But perhaps as a material in art—and as a reality in the infrastructure of our world—concrete is most interesting when we consider a ‘both/and’ approach. It’s literally about the gray area.

From The Metropolitan Museum of Art, I’m Camille Dungy and this is Immaterial, where we look at materials commonly used in making art and explore what the materials themselves can tell us. This episode: the power and politics of concrete. We’ll look at how it’s been used as a building block and why. We’ll meet a Colombian sculptor whose work with this durable material reminds us of the fragility of human life. And we’ll look at how, when concrete is used to memorialize, the message can be complicated.

[Music, echoing sounds of metal dragging against concrete]

Detail of Doris Salcedo’s Untitled

Concrete seems to evoke only the strongest emotions in people.

Abraham Thomas: In the UK, we have this thing called Marmite, have you heard of Marmite?

[Music: riff from the song “Low Rider” by War]

Thomas: There’s a classic thing that Marmite, like either you love it or you hate it.

[song lyric: “I hate marmite.”]

I quite like Marmite. It’s very divisive.

[Montage of unidentified voices: I’m a Marmite lover. It tastes like bin juice. I hate it! I hate it!]

Thomas: People often talk about… like in any kind of conversation, people will use Marmite as a metaphor. Like, ‘oh, it’s quite like a Marmite situation.’

Dungy: Abraham Thomas frequently eats his Marmite on toast, along with some tea. He’s the architecture curator in the Department of Modern and Contemporary Art at The Met.

Thomas: I feel that concrete is the architectural world’s version of Marmite because people do love it or hate it.
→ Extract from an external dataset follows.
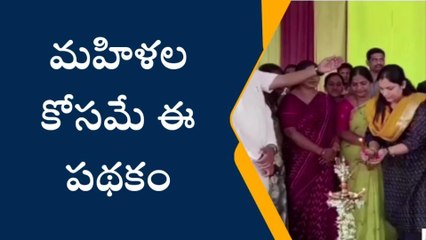 భువనగిరి : వడ్డీ రాయితీ పథకాన్ని ప్రారంభించిన కలెక్టర్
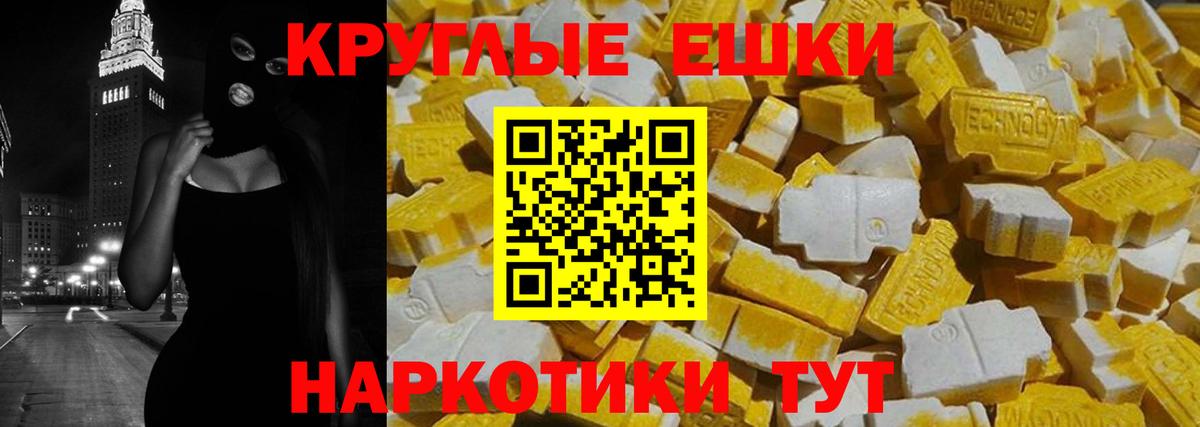 Экстази  Экстази Punisher  Ecstasy DUBAI  Вход с VPN  Алушта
In a way that doesn’t really happen with wood or glass or ceramics, rather… perhaps more kind of socially neutral materials, maybe. And I think part of that reason is this extraordinary blending of concrete as this sort of utopian material which held so much promise in terms of building affordable social housing or bold new visions for architecture versus the kind of… There’s a sort of disappointment and sort of failed dreams of those visions we can’t really blame concrete for.
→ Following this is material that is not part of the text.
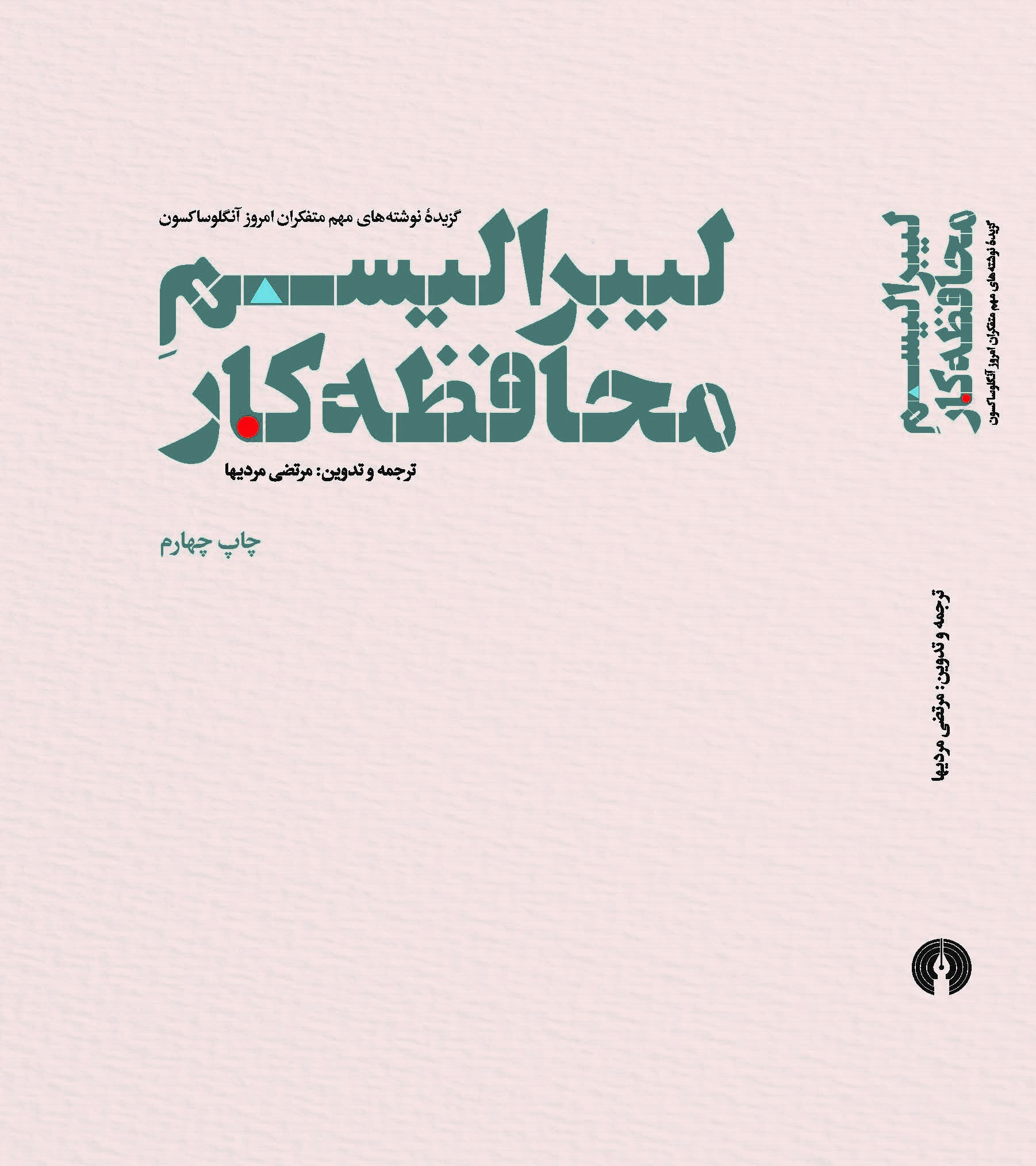 لیبرالیسم محافظه کار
Dungy: People can’t even agree on what concrete is. In 1928, the architect Frank Lloyd Wright published an essay where he asks, is it stone? Is it plaster? Is it brick or tile? Cast iron? The answer to every question was both: yes, and no. “Poor Concrete!” he wrote. “Still looking for its own in the hands of man.”

The word ‘concrete’ itself describes the combination of the materials that go into making it because the materials come together to form some thing that is concrete, as opposed to something abstract.

Identity crisis or not, concrete was the material of choice for Frank Lloyd Wright’s series of textile block houses where he hoped to take what he called “the cheapest (and ugliest) thing in the building world,” and turn it into something “permanent, noble, and beautiful.”

If you spend enough of your time around concrete architecture or contemporary art that uses concrete, you too may start to notice the material in deeper ways.

Adrian Forty: So if you’ve got a lot of concrete, it will either retain coolness or emit warmth. And it… it will accumulate that and hold whichever it is over quite a long period of time. If it’s cool, it’ll feel colder. If it’s warm, it will probably feel warmer.

Dungy: This is Adrian Forty, a man who spends a lot of time thinking about the many meanings of concrete and teaching them to his architecture students. He likes wrestling with questions like, ‘is concrete even a modern material?’ Short answer: it’s complicated. But that’s why Adrian is drawn to concrete: its contradictions.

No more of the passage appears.